An exact copy of the records below is required, and it must contain no pictures.

Captioned web image data
○ ○ ○ ○

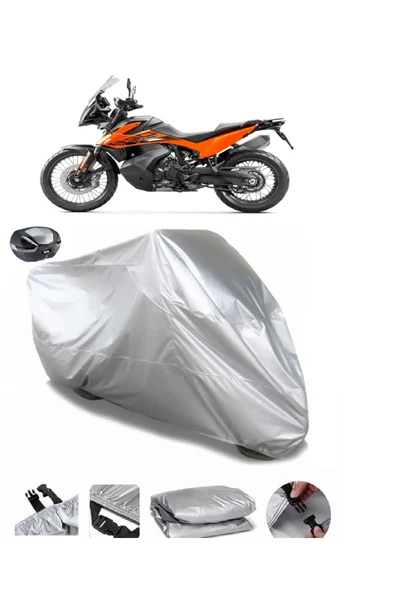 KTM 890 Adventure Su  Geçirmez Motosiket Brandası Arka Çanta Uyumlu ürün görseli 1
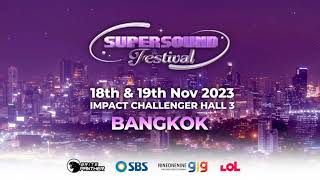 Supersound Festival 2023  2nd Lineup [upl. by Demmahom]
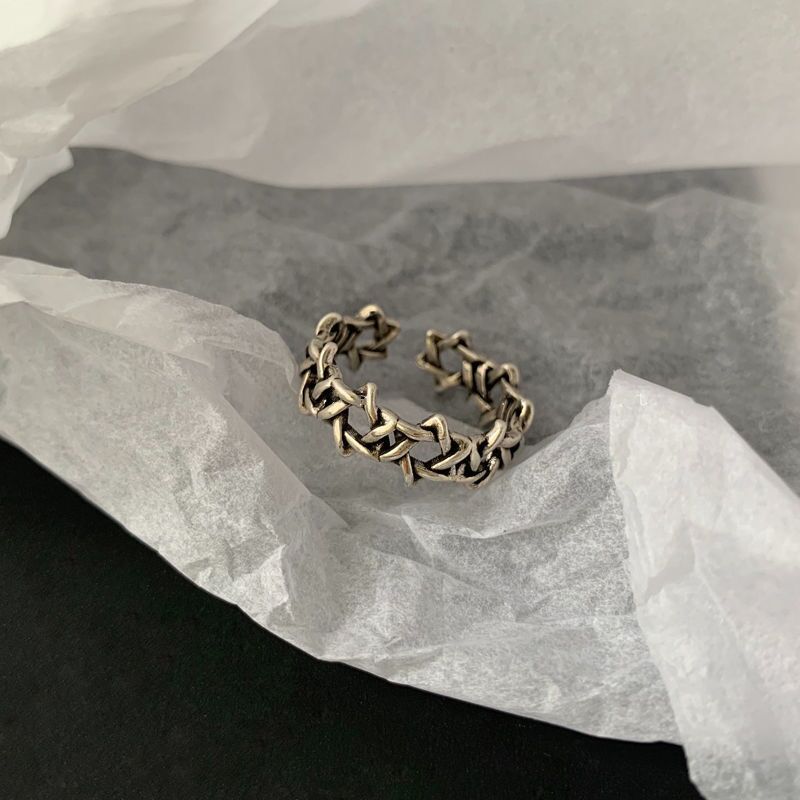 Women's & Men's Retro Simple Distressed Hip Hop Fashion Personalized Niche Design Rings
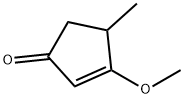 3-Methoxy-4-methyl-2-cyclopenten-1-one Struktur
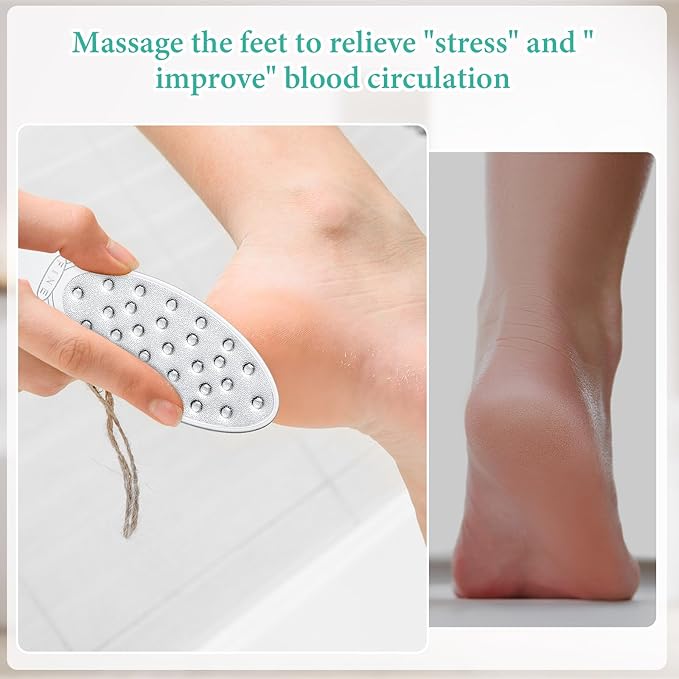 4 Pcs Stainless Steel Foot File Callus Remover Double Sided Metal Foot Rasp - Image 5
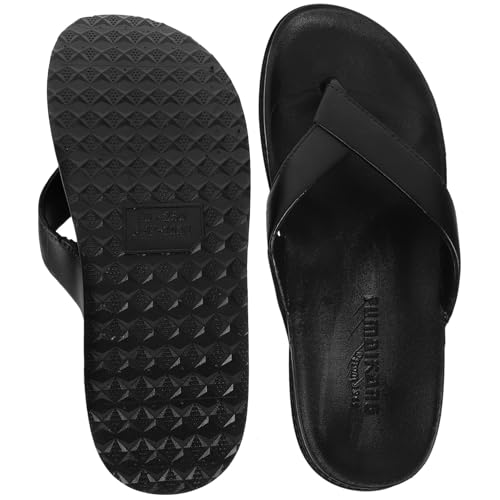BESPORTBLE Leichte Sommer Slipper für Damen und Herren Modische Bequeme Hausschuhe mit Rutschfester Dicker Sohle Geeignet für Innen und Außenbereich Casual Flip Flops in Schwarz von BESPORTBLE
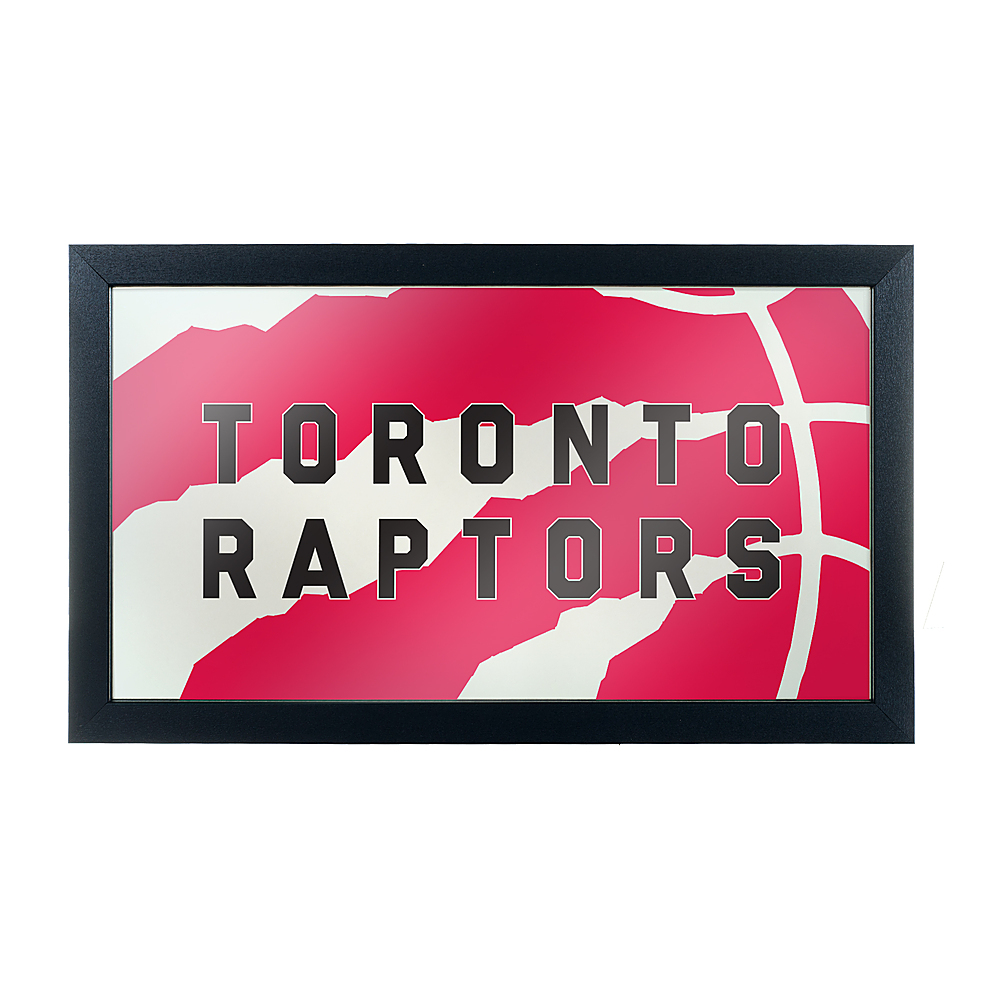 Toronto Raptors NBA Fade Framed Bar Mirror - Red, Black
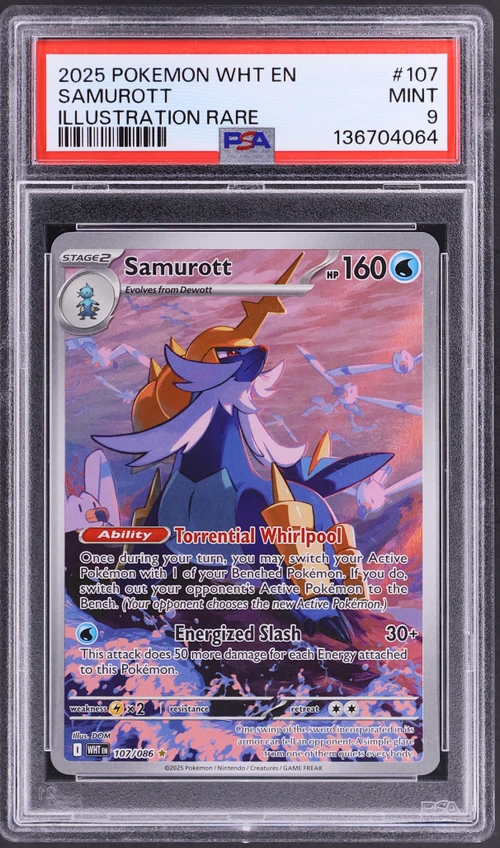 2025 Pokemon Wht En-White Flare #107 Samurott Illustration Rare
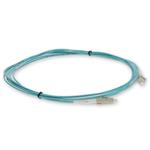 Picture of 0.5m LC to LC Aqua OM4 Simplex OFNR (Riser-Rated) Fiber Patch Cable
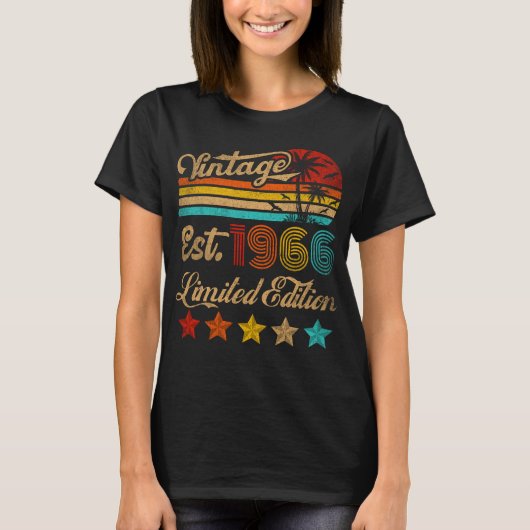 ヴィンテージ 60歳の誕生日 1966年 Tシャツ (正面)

○ ○ ○ ○

▶ _ANSWER SPACE_
 KTM 890 Adventure Su  Geçirmez Motosiket Brandası Arka Çanta Uyumlu ürün görseli 1
 Supersound Festival 2023  2nd Lineup [upl. by Demmahom]
 Women's & Men's Retro Simple Distressed Hip Hop Fashion Personalized Niche Design Rings
 3-Methoxy-4-methyl-2-cyclopenten-1-one Struktur
 4 Pcs Stainless Steel Foot File Callus Remover Double Sided Metal Foot Rasp - Image 5
BESPORTBLE Leichte Sommer Slipper für Damen und Herren Modische Bequeme Hausschuhe mit Rutschfester Dicker Sohle Geeignet für Innen und Außenbereich Casual Flip Flops in Schwarz von BESPORTBLE
 Toronto Raptors NBA Fade Framed Bar Mirror - Red, Black
 2025 Pokemon Wht En-White Flare #107 Samurott Illustration Rare
 Picture of 0.5m LC to LC Aqua OM4 Simplex OFNR (Riser-Rated) Fiber Patch Cable
 ヴィンテージ 60歳の誕生日 1966年 Tシャツ (正面)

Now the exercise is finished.